23 de set. de 2010

incomunicável 2

não há absolutamente nada que eu possa dizer
porque tudo já foi dito.
isto inclusive já foi dito:
qual poeta nunca disse que estava sem palavras?
quem nunca parou, brusco ou delicado, diante da parede do incomunicável?
Ah, minha amiga Amana, pudéssemos nós duas com dedos mágicos apontar: é isso, é isso, é isso,
que eu estou dizendo sentindo fazendo.

inútil, porque todas as palavras já foram ditas e até hoje ninguém entendeu.
todas as cores já foram reconhecidas pela limitada retina humana
e continuaram insuficientes.
e veja: todos os sons, até mesmo murmúrios, até mesmo grunhidos, que já passaram pela glote
e, hoje em dia, o som tão articulado...

quanta técnica vocal já se gastou
quanto fonoaudiólogo
quantos mestres da expressão corporal

e haja papel, e haja película de cinema e tantas fotografias...
e o tato: da mão na pele do rosto, do rosto na pele das coisas, das coisas sentindo o ar.
e sim, já inventaram a telepatia! Está nos livros.

E a humanidade:

o fracasso.
vejam pois aquela foto em que certo presidente oferece a mão para um aperto cordial e o outro declara a guerra.

inútil
insuficiente
incomunicável

eis o fracasso comprovado
há já milênios de humanidade

ainda nos resta uma chance?
nem todos os silêncios foram ainda instaurados.

11 de set. de 2010

minhas flores

Houve uma vez que fiquei 5 dias sem regar as plantas. E quase morri de tristeza quando percebi que talvez as veludinhas (como chamo as lindas folhagens de veludo que ficam misturando vermelho e verde no fundo do quintal) talvez não sobrevivessem tamanha era a falta de viço. Reguei muito e em dois dias elas estavam valentes de novo. Agradeci à sorte de manter um pouco mais aquela beleza que nunca me pertenceu mesmo. Prometi regar com rigor, o que não faço. Agradeci ao tempo e sua capacidade de retorno e destruição, e vice-versa. Acreditei que nós, flores e pessoas, precisamos dessa água ou desse amor, que são inconstantes e susceptíveis de ausência. Acreditei também que é nessas belezas e fracassos que a gente pode ao menos um pouquinho se comunicar com o cosmos, pois acredito mesmo que entre eu e ele há sim algo a se dizer - digo antes da morte, pois depois dela a comunicação é mesmo absoluta.
(Ah, essa frase é bem engraçada: o que lá sei eu sobre a morte?)

9 de set. de 2010

lance

Raio de luz
Ele era um homem bonito, com um tigre na barriga.
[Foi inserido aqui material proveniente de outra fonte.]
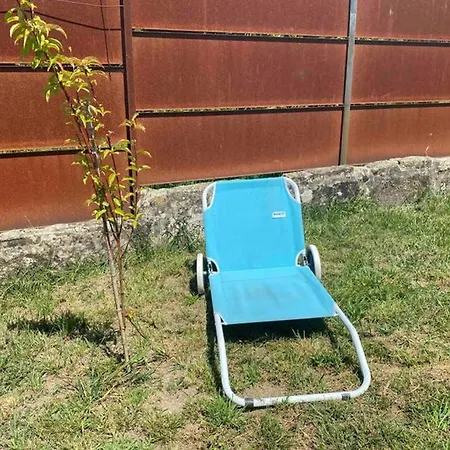 Dom wakacyjny Casa Con Jardin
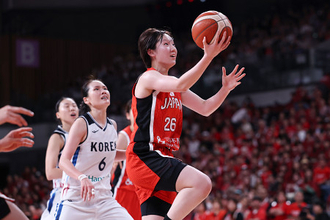 日本女子、韓国に逆転勝ち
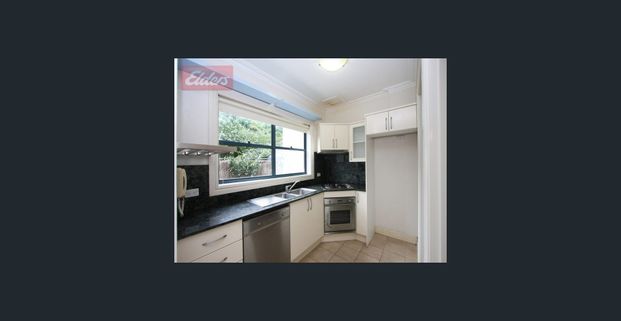 Superb Townhouse - Photo 1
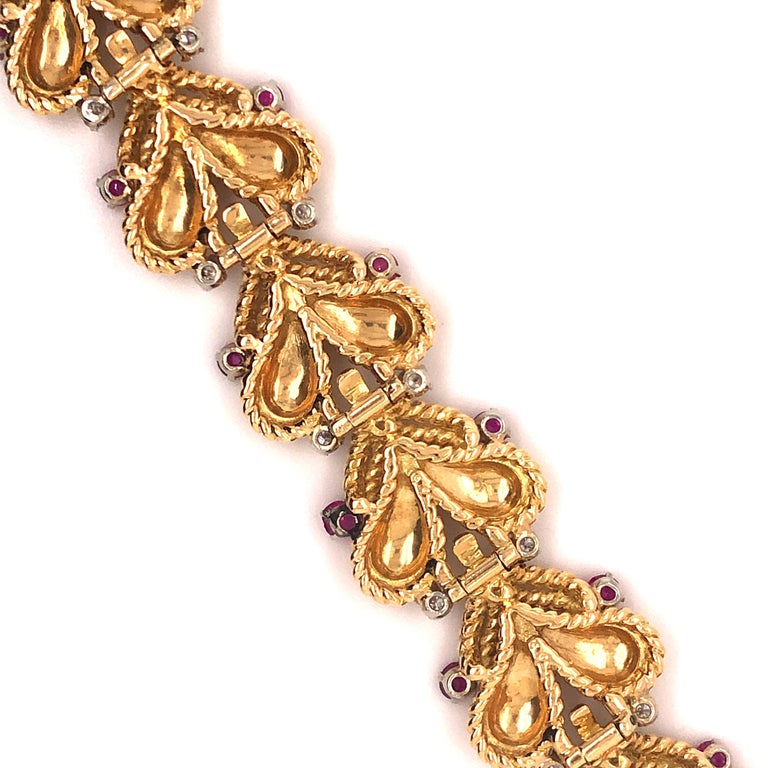 Original 1950's Mario Buccellati Ruby Diamond Yellow White Gold Heart Bracelet In Excellent Condition For Sale In Valenza, IT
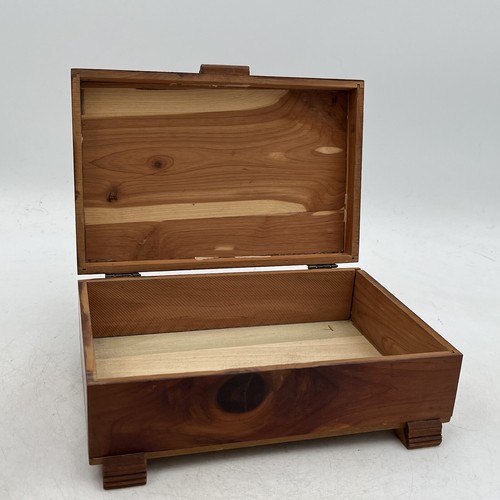 Vtg cedar chest stash box - cedar,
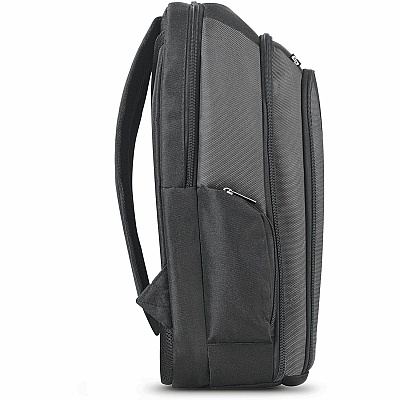 Solo Sterling Carrying Case (Backpack) for 16" Notebook - Black (USLCLA7034)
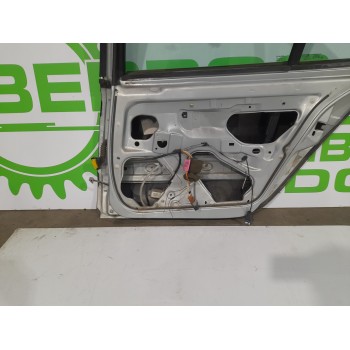 Recambio de puerta trasera derecha para renault laguna ii (bg0) 1.6 referencia OEM IAM 7751472441  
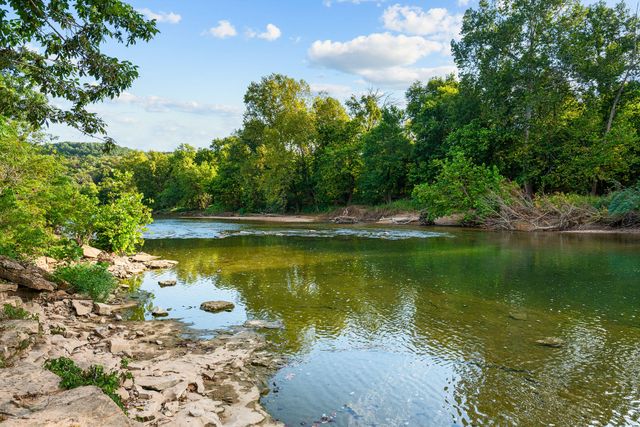 518 Baker Hole Road, Galena, MO 65656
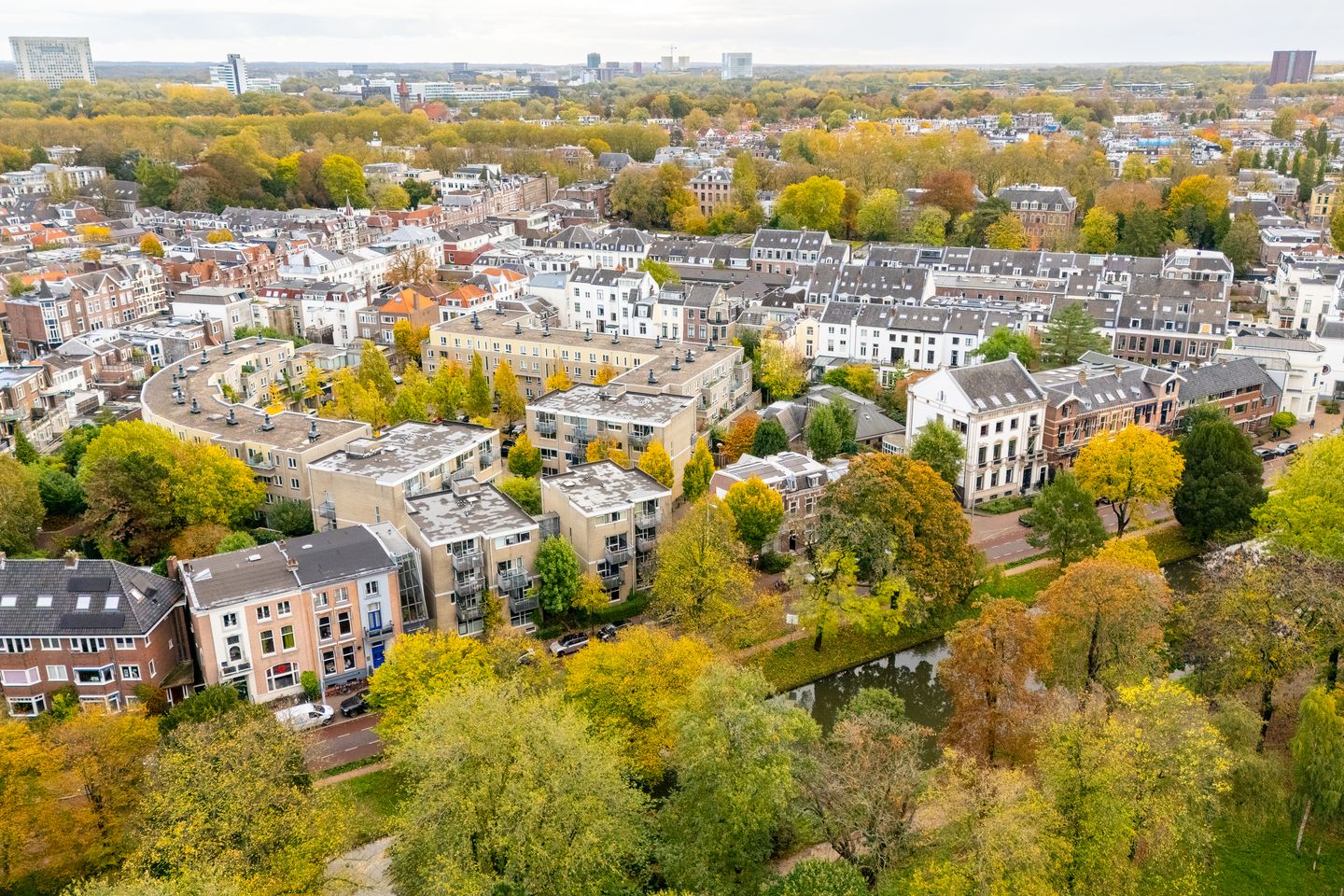 Foto 25 van Joke Smitplein 23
E que possuía alguma coisa de dourado ou luminoso nos pelos do peito, nos pelos dos olhos, nos pelos das pernas. E o cabelo.
Ele fazia exatamente como todos os homens que senhorita rita conhecia até então: olhava para ela como se fosse capaz de dizer toda a verdade do mundo, mas isso não era verdade. Não mesmo. Senhorita descobrira que aquele olhar carregava outra coisa, uma coisa assim muito simples: era nada.
Sim, ele era um homem como qualquer outro: bonito de tigre e com aquele olhar tão lindo por nada, que queria dizer apenas uma única coisa: estou te olhando.
Na verdade; isso, senhorita rita ainda não aprendeu mas está quase por aprender. Ela ainda insiste em encontrar uns tais significados ocultos, encondidos em algum lugar. Sua supeita é que o segredo se oculte nos fios da barba. Por isso arranca tantos fios, despistadinho, como se fosse um carinho (ela despista porque algumas pessoas sentem grande vergonha de procurarem sinais do oculto).
Os medos de rita
No que diz respeito ao amor, o segundo medo maior de senhorita rita é este: irritar a calma do olhar do homem com uma paisagem feia de ser. Por isso se banha intensamente em perfumes liquefeitos ou vaporosos, corta as unhas e amacia o couro para dormir. Garante sempre a mais sedosa companhia para seu amado. Mas o seu maior cuidado são as leituras: ela se obriga a ler todos os dias pelo menos 29 folhas de pitangueira, 8 pedras e 3 grãos de areia. Lê, lê, lê, porque quer mesmo absorver e irradiar as mais variadas paisagens em seus olhos. Esses cuidados são mesmo imprescindíveis porque senhorita rita não é bonita, e daí que ela se cuida tanto e raspa tanto a pele com pedras poemas, para ver se saí daí alguma talvez delicadeza definitiva.
O primeiro medo: é que o olhar da pessoa amada não contenha perguntas, que seja só um olhar de pessoa terna e bondosa (senhorita rita prefere as pessoas ternas e bondosas, apesar de ter amado no passado um avestruz).
- Mas, infelizmente, olhar de pessoa terna e bondosa não serve para o amor - ela diz às vezes.
Mais uma vez o homem do tigre
E ela então insiste insiste e insiste em olhar no fundo dos olhos daquele homem pré-amado, de cílio dourados, vermelhos e castanhos - o tigre. Procurando uma resposta, uma resposta, uma resposta. Mas até hoje ela ainda não encontrou a pergunta.
Ela continua puxando os fios da barba, continua com as leituras, continua olhando fundo, mas a ela parece que estamos ainda no campo ordinário dos olhares que olham.
O futuro
Um dia seu amado vai chegar com uma surpresa: a barba ausente, completamente raspada, e ela constatará atônita:
- Não tem nada aí!
E se sobressaltará numa conclusão eufórica: era isso então? Os olhos, o nada, a simplicidade. Era esta a grande pergunta, o sinal procurado: você suporta o nada?
E não haverá afinal mais além disso - a não ser o amor.

7 de set. de 2010

O amor que sinto é uma sede de oferecer água.